About the Author
The Rev. Melissa A. Chappell is a native of South Carolina. She attended Newberry College and graduated in 1993 with a Bachelor of Arts in Music Theory and a minor in Religion. After graduation she enrolled in The Lutheran Theological Southern Seminary, then located in Columbia, SC where she studied for a Master of Divinity degree. During her four years there, she spent a considerable amount of time on the Cherokee Indian Reservation in North Carolina. While there, she became familiar with the systemic struggles faced by the Cherokees as well as other native peoples. She participated fully in native life there, learning to incorporate Cherokee ritual with traditional Lutheran worship.
Her internship year was spent in the inner city of Milwaukee, Wisconsin. This afforded her the opportunity to explore a new and different context than the one in which she grew up. It was an extraordinary year. Her most important learning was that, when all was said and done, she was the one who, by far, benefited the most from her time there. The people she came to serve, were her greatest teachers.
Returning to seminary, Chappell completed her fourth and final year with the honor of being awarded the Walter Harlowe Greever Award for Excellence in Preaching.
Upon graduating in 1996, she received a call to St. James Lutheran Church in Chilhowie, Virginia, which is located in the mountains of southwest Virginia. At St. James she not only preached but served as director of the choir, and occasional pianist. Sometimes all at once! She could never have imagined more wonderful people to be called by God to love and serve. The people at St. James were extraordinarily dedicated to the mnistry of the gospel, and they will not be soon forgotten, if ever.
Chappell was later appointed as interim minister at St. John’s, Abingdon, where she served for a time. St. John’s, also, was a congregation with many gifts, and many gifted people who continue to spread the good seeds of Christ’s loving word to neighbors far and wide.

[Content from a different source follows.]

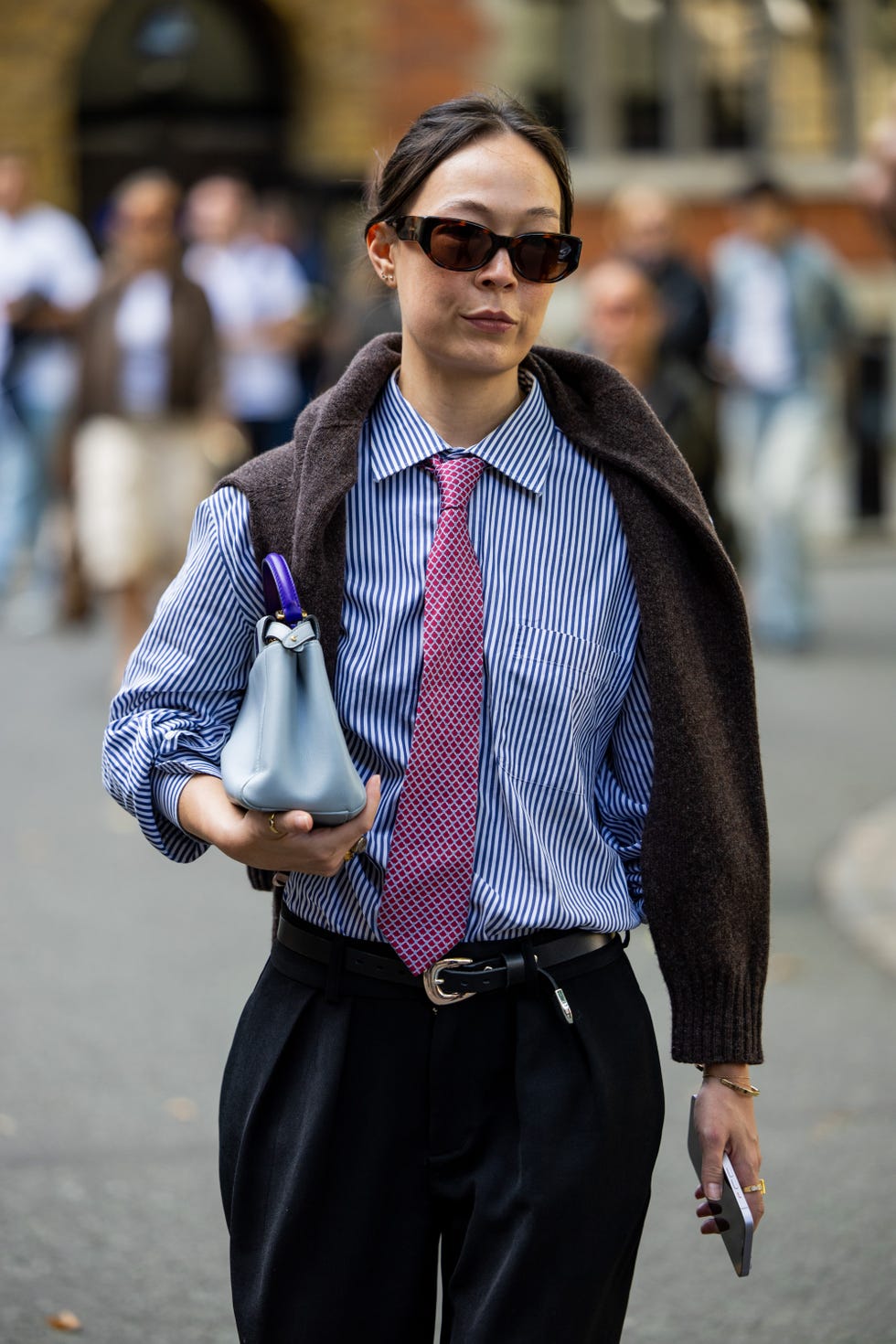 london, england september 14 a guest wears blue white striped button shirt, pink tie, bag outside ahluwalia during london fashion week september 2024 on september 14, 2024 in london, england photo by christian vieriggetty images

Chappell began writing after her return home in 2005, but her work did not see publication until 2018, with Rivers and Relics, a book of poetry published by Desert Willow Press. Since then she has become widely published, with six chapbooks, and more than 65 poems in literary journals, magazines and reviews. She has also published four reviews of poetry collections, and is full of hope for her first full collection of poetry, Countries Yet to Come.